> _What is required_: The pictures get dropped, while every remaining part of the listing is copied exactly.

> _Data in this exercise_:

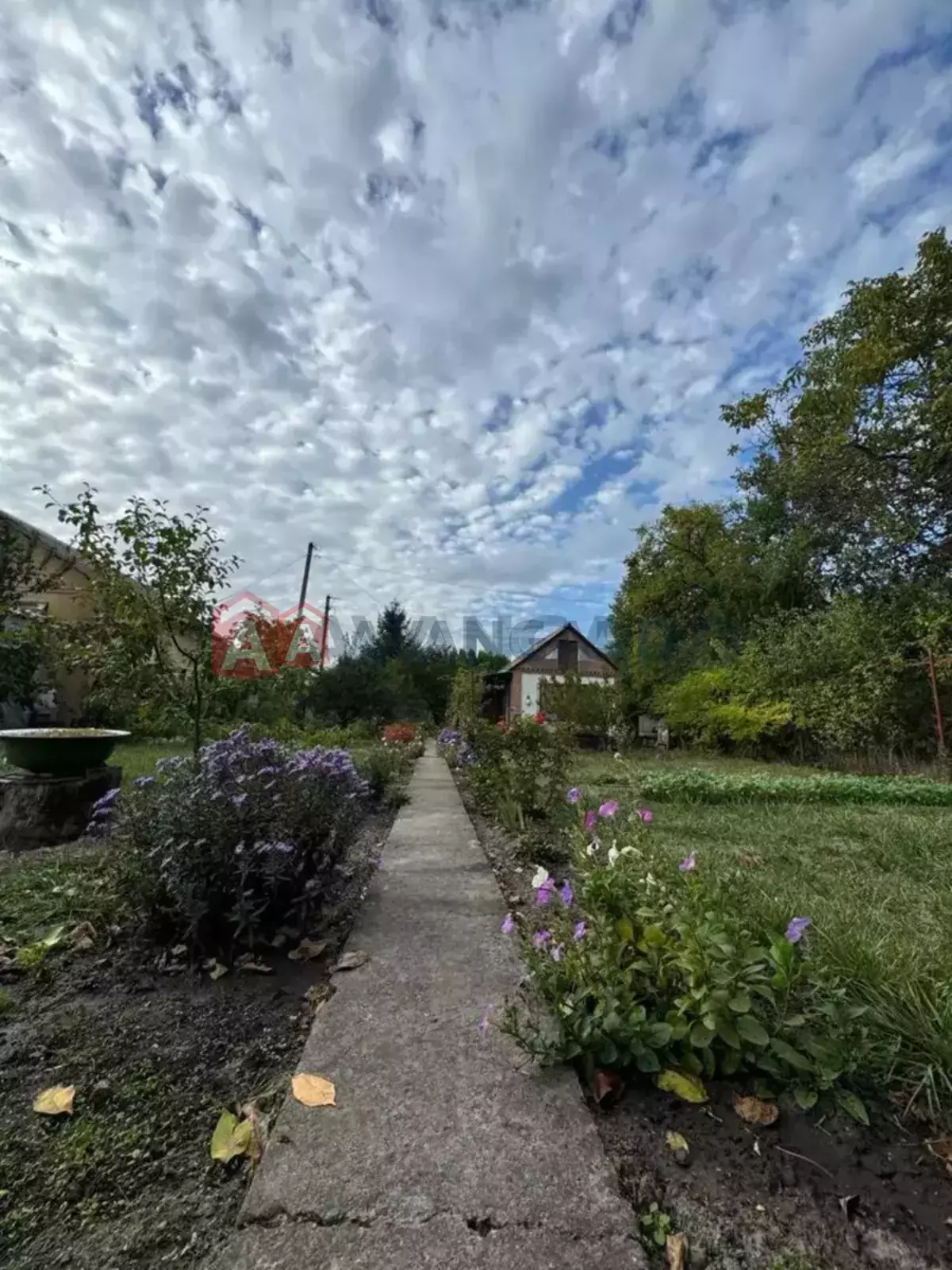 Дача, 30 кв.м. фото 3 Дача, 30 кв.м. фото 3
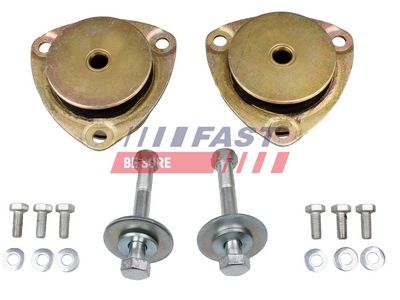 SET REPARATIE LAGARE CABINA SOFER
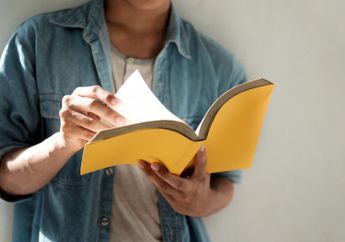 5 Zodiak Terkenal Paling Berwawasan Luas, Apakah Kamu Salah Satunya?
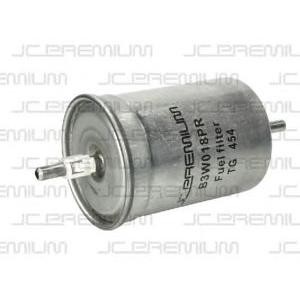 горивен филтър JC PREMIUM B3W018PR 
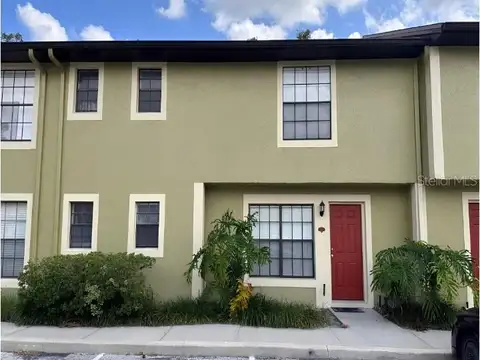 7413 BELLE RIVER CT #3 — home for sale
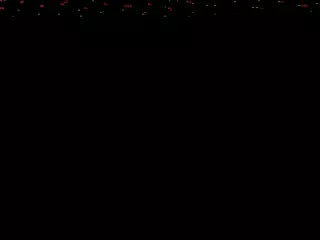 honeyteatesting's Live Sex Cam Show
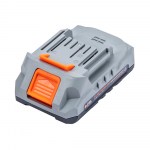 smennyiy-li-ion-akb-ftl-bat-20v2ah-evo_163988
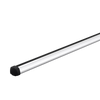 Belka dachowa Thule ProBar Evo 200 cm – 1 szt., aluminiowa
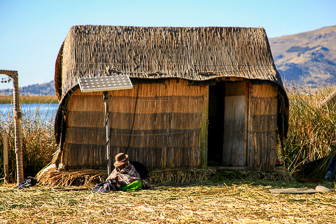 Titicaca_0030.jpg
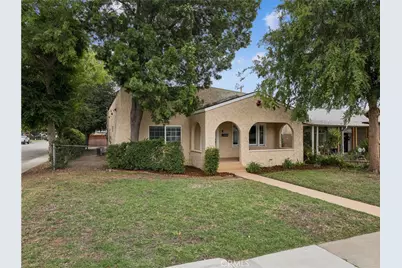 2895 N Sierra Way, San Bernardino, CA 92405 - Photo 29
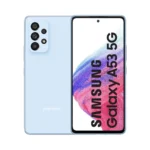Teléfono Celular Samsung Galaxy A53 - 6GB/128GB - Imagen 7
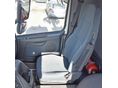 VOLVO 2014/11 - 9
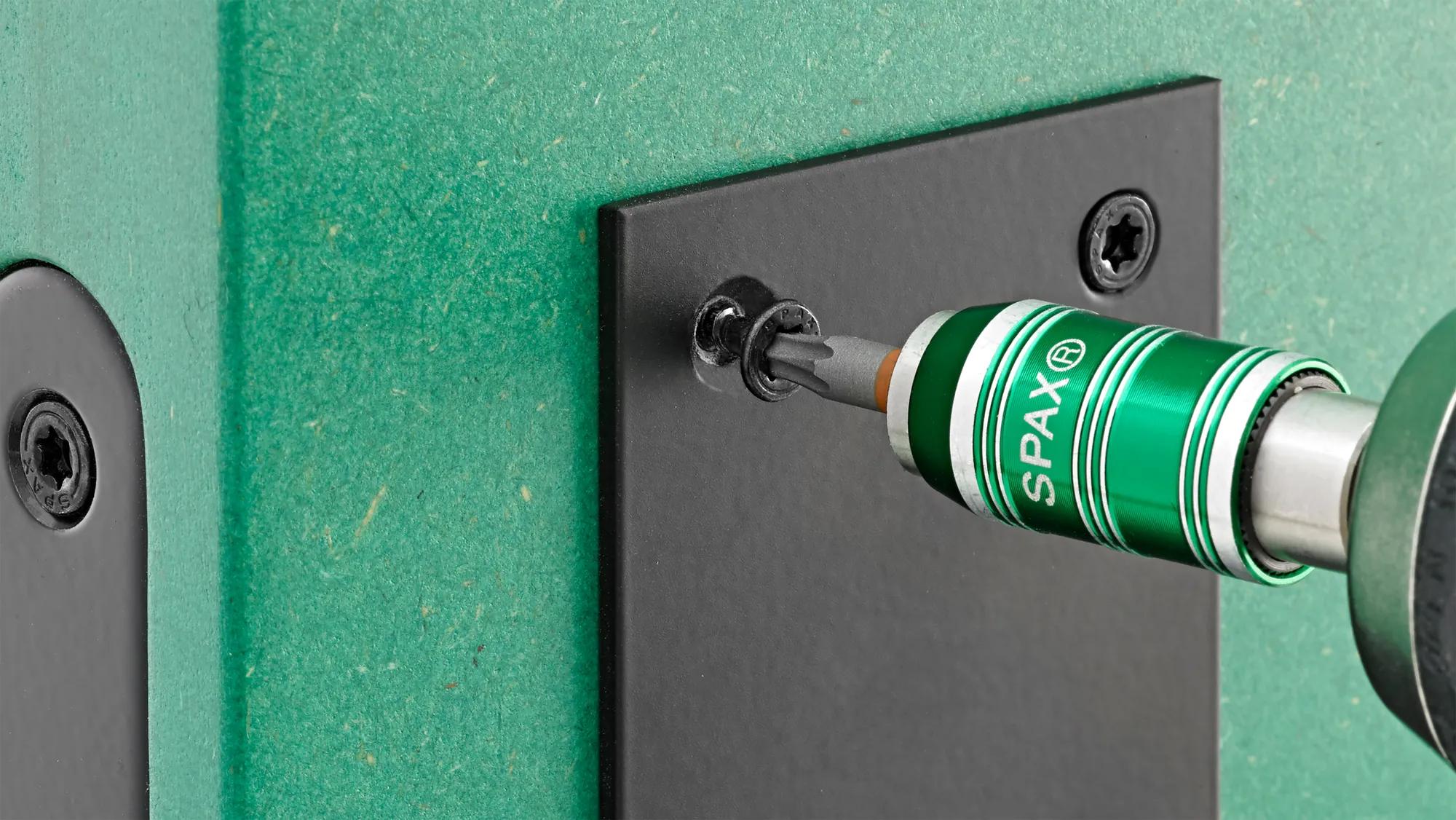 universalschraube-blax-senkkopf-spax-spx-1191040300303-03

> _Answer to this problem_:
 Дача, 30 кв.м. фото 3 Дача, 30 кв.м. фото 3
 SET REPARATIE LAGARE CABINA SOFER
 5 Zodiak Terkenal Paling Berwawasan Luas, Apakah Kamu Salah Satunya?
 горивен филтър JC PREMIUM B3W018PR 
 7413 BELLE RIVER CT #3 — home for sale
 honeyteatesting's Live Sex Cam Show
 smennyiy-li-ion-akb-ftl-bat-20v2ah-evo_163988
 Belka dachowa Thule ProBar Evo 200 cm – 1 szt., aluminiowa
 Titicaca_0030.jpg
 2895 N Sierra Way, San Bernardino, CA 92405 - Photo 29
Teléfono Celular Samsung Galaxy A53 - 6GB/128GB - Imagen 7
 VOLVO 2014/11 - 9
 universalschraube-blax-senkkopf-spax-spx-1191040300303-03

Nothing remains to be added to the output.